● TO DO:
Retype exactly what appears below from the line containing "Three Bedroom Apartment" down to the line containing "Toronto Entertainment District", keeping both end lines. Do not include pictures.

● SUPPLIED DATA:
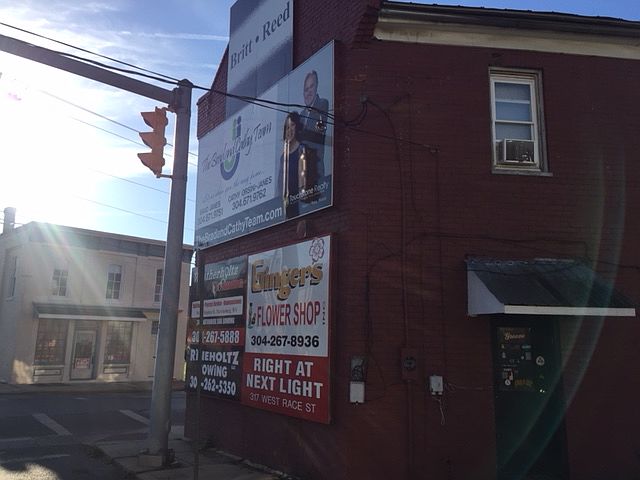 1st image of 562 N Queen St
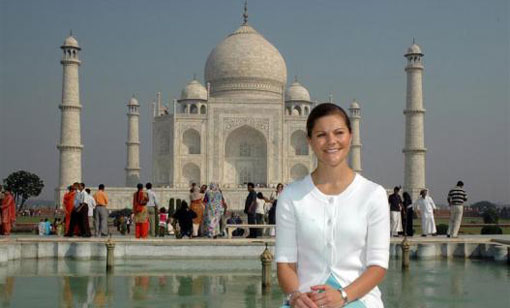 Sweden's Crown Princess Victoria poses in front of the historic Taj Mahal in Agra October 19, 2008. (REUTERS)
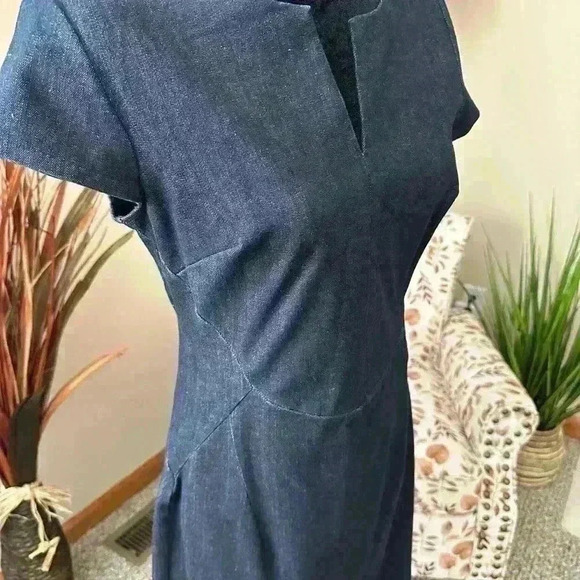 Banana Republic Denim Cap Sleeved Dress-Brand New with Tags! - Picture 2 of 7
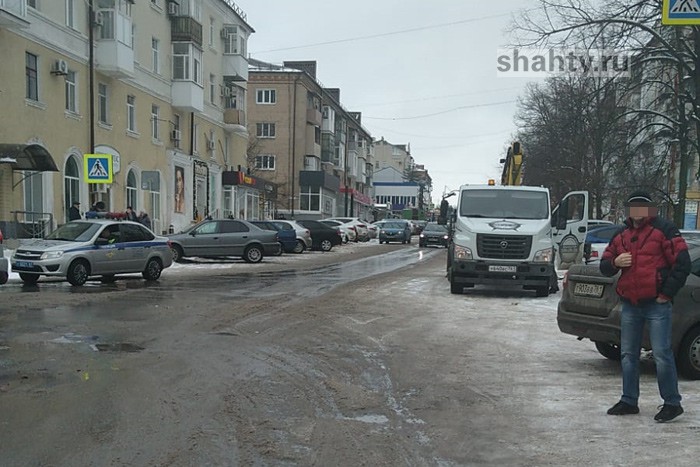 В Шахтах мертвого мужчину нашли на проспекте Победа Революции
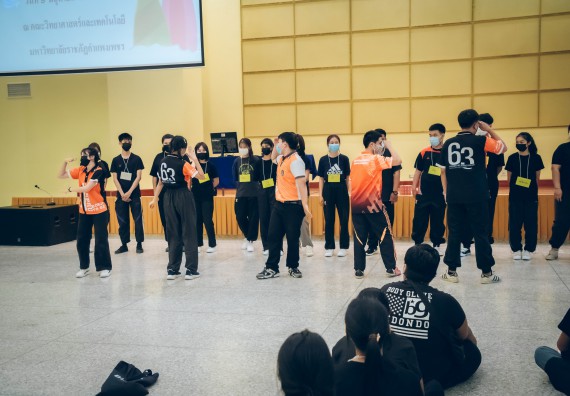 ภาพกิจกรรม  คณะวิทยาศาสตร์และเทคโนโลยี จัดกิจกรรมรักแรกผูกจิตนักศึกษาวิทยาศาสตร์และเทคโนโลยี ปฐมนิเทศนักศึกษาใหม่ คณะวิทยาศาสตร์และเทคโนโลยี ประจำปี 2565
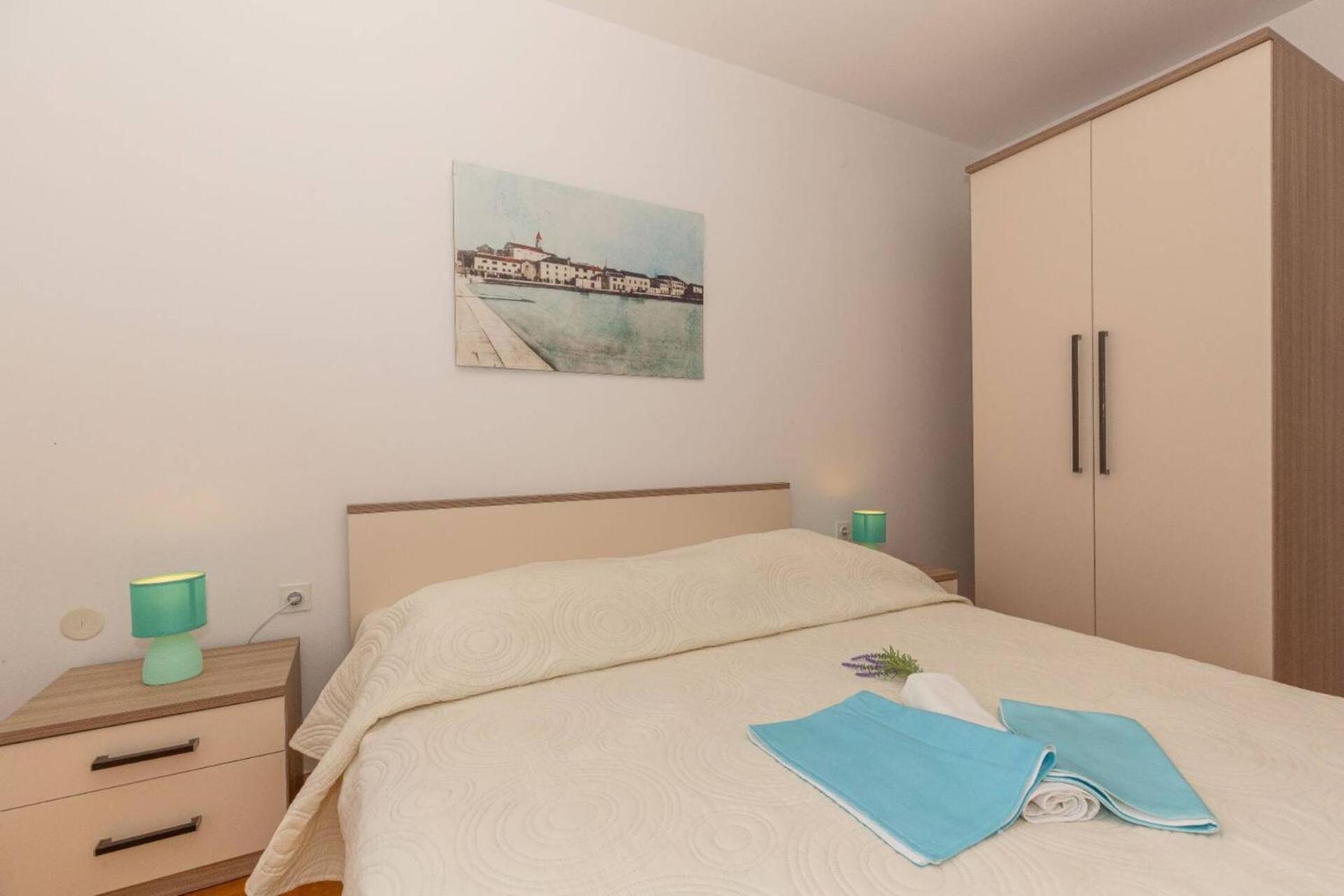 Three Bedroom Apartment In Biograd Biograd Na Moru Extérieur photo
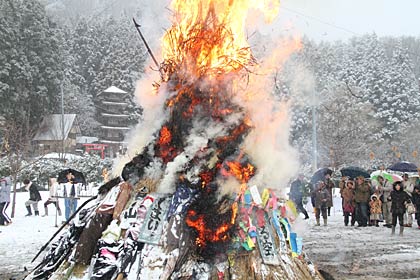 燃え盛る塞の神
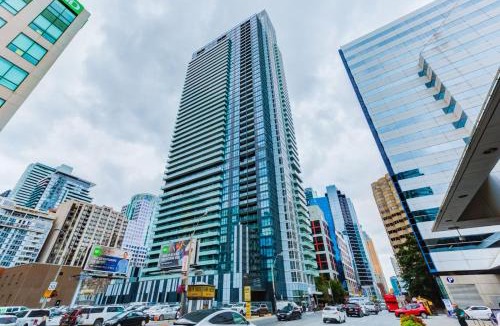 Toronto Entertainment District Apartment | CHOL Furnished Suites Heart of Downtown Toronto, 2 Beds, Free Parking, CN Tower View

--

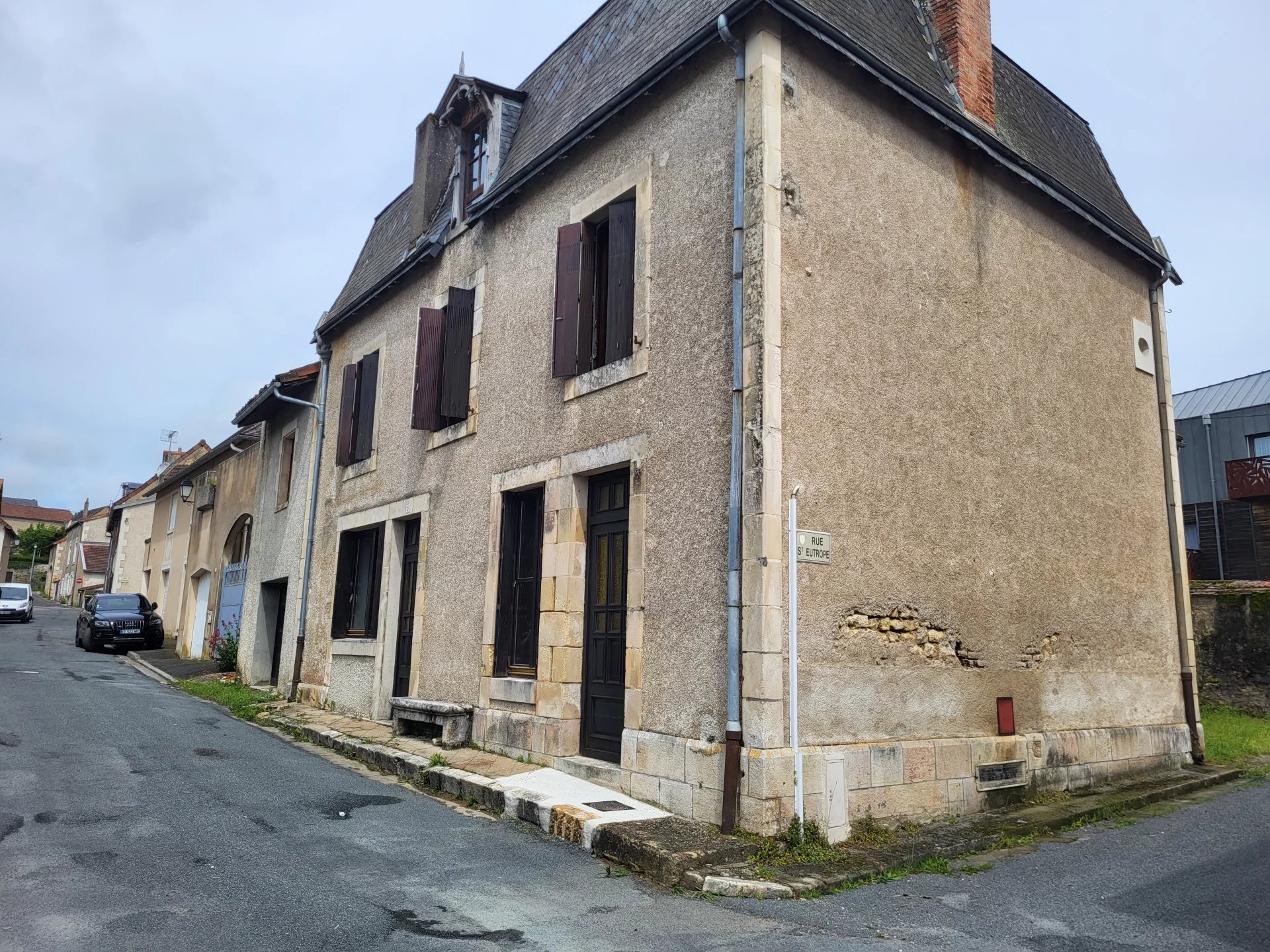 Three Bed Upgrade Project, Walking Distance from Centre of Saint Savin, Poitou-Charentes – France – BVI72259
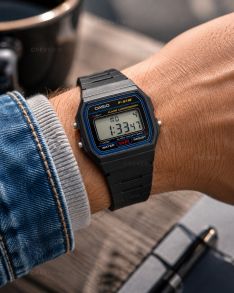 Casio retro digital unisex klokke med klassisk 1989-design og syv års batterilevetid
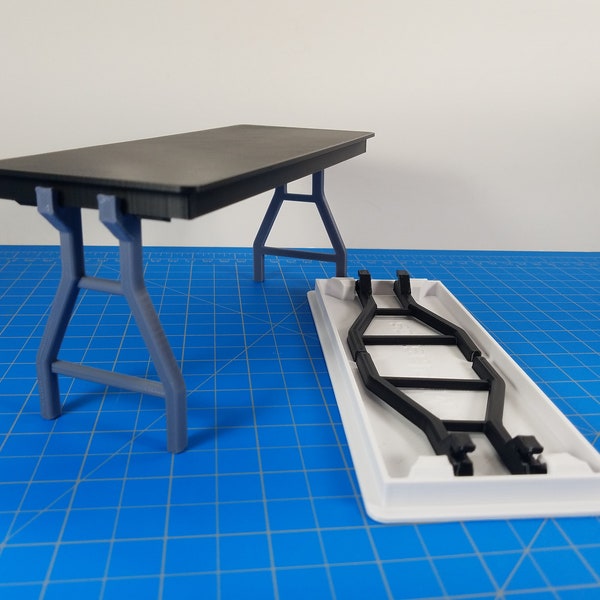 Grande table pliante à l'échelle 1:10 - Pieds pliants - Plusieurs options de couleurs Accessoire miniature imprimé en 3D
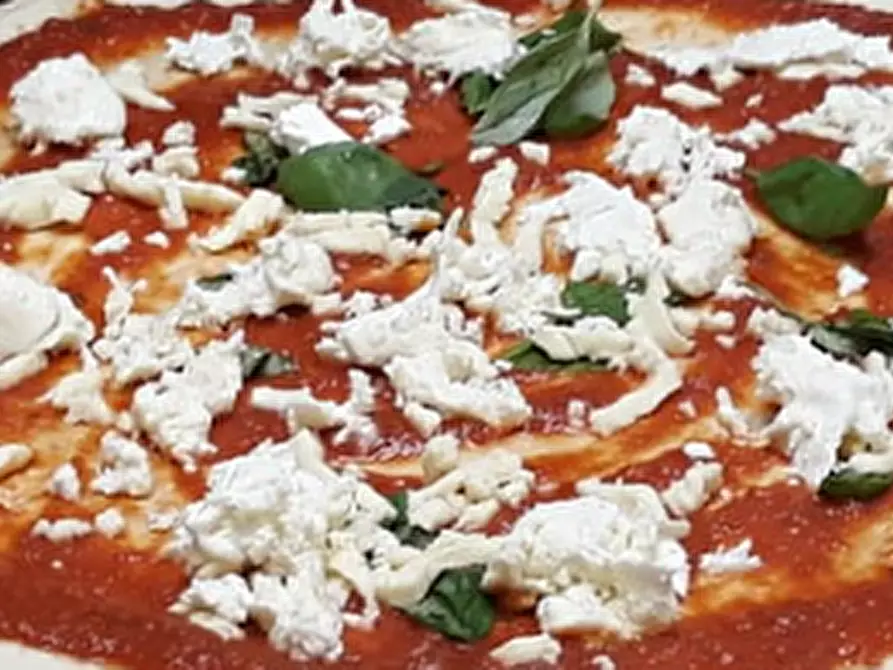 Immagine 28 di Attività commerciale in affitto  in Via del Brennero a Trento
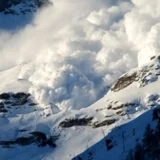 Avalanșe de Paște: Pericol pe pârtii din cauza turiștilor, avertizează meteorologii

● EXPECTED ANSWER:
 Three Bedroom Apartment In Biograd Biograd Na Moru Extérieur photo
 燃え盛る塞の神
 Toronto Entertainment District Apartment | CHOL Furnished Suites Heart of Downtown Toronto, 2 Beds, Free Parking, CN Tower View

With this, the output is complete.